As you can see, the highest-paid CEOs earn a relatively small amount of their total annual compensation from traditional sources such as cash pay. Instead, equity (including options) plays an enormous role in their overall compensation. For example, for Broadcom CEO Hock Tan, cash compensation was less than one percent of overall compensation in 2023.

Overall, stock comp comprised about 65 percent of median total pay of the top 100 CEOs tracked by Equilar, an executive intelligence company.

That fact leads to another point about CEO compensation. These massive equity awards are often sporadic in nature. A CEO’s pay package may have special payouts based on corporate targets, the completion of a specific objective or hitting a specific tenure with the firm. As such, this list of high earners tends to turn over from year to year, with new faces populating its ranks.

For example, Fair Isaac’s Will Lansing benefited from a one-time $30 million equity grant for retention and leadership vesting over five years.

Still, some CEOs at the largest companies do hit the upper echelons year after year:

  • CEO Tim Cook at Apple hit 2nd place in 2022 and 6th place in 2023, according to Equilar
  • CEO Satya Nadella at Microsoft claimed the 6th spot in 2022 and the 9th spot in 2023, says Equilar.
  • CEO Hock Tan at Broadcom took 4th in 2022 and 1st place in 2023.

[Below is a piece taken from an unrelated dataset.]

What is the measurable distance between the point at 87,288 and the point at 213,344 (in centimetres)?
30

Many executives have packages that pay out higher equity bonuses if the stock itself does well. So CEOs get to earn more shares of stock at a higher price, if shareholders do well. That kind of alignment can be attractive from a governance perspective if it’s well-structured, but it also means many executives can wind up with utterly enormous pay packages in a given year.

Of course, equity compensation can be the pay that keeps on paying. If the company’s stock continues to rise in subsequent years, CEOs stand to benefit from that as well. Nvidia CEO Jensen Huang, for example, has seen his equity compensation balloon over the last two years, as the semiconductor company fills record orders for its AI chips and the stock skyrockets.

So CEO compensation is different from the pay of average workers not only because of the massive amounts at stake but also due to how it’s structured.

How to use CEO compensation to invest better

Beyond just admiring – or disdaining – these gaudy pay packages, looking at CEO comp can help investors anticipate how a stock may perform.

One good place to begin is actually analyzing these CEOs’ pay packages to see what they’re being paid to do. The structure of their compensation can be a good signal to judge how a CEO is going to act and the type of decisions that might be made:

  • CEOs may be paid based on specific financial metrics that do not always align with investors’ best interests. For example, some execs are rewarded to grow the company at any cost, regardless of whether it’s good for the company or investors.
  • Execs may be compensated based on how the stock performs, meaning they may be incentivized to do what moves the stock higher – a potentially good sign for investors.
  • CEOs may be rewarded if they sell or spin off a division, so investors may anticipate that kind of action and prepare accordingly.
  • Companies that award CEOs their performance-based compensation regardless of performance may be good companies to steer clear of.
  • CEOs who consistently earn exorbitant pay relative to the firm’s profit can be a useful sign that the stock will be a poor investment until a change in management happens.

You can investigate CEO compensation in a company’s annual proxy filing on Form DEF 14A, which many top brokers link to in their research.

Bottom line

While these pay packages may be reserved for CEOs, average Americans can still earn returns from America’s top-performing stocks – the same as executives. The structure of a CEO’s pay can be a good place to understand how a stock may perform and how a CEO may act.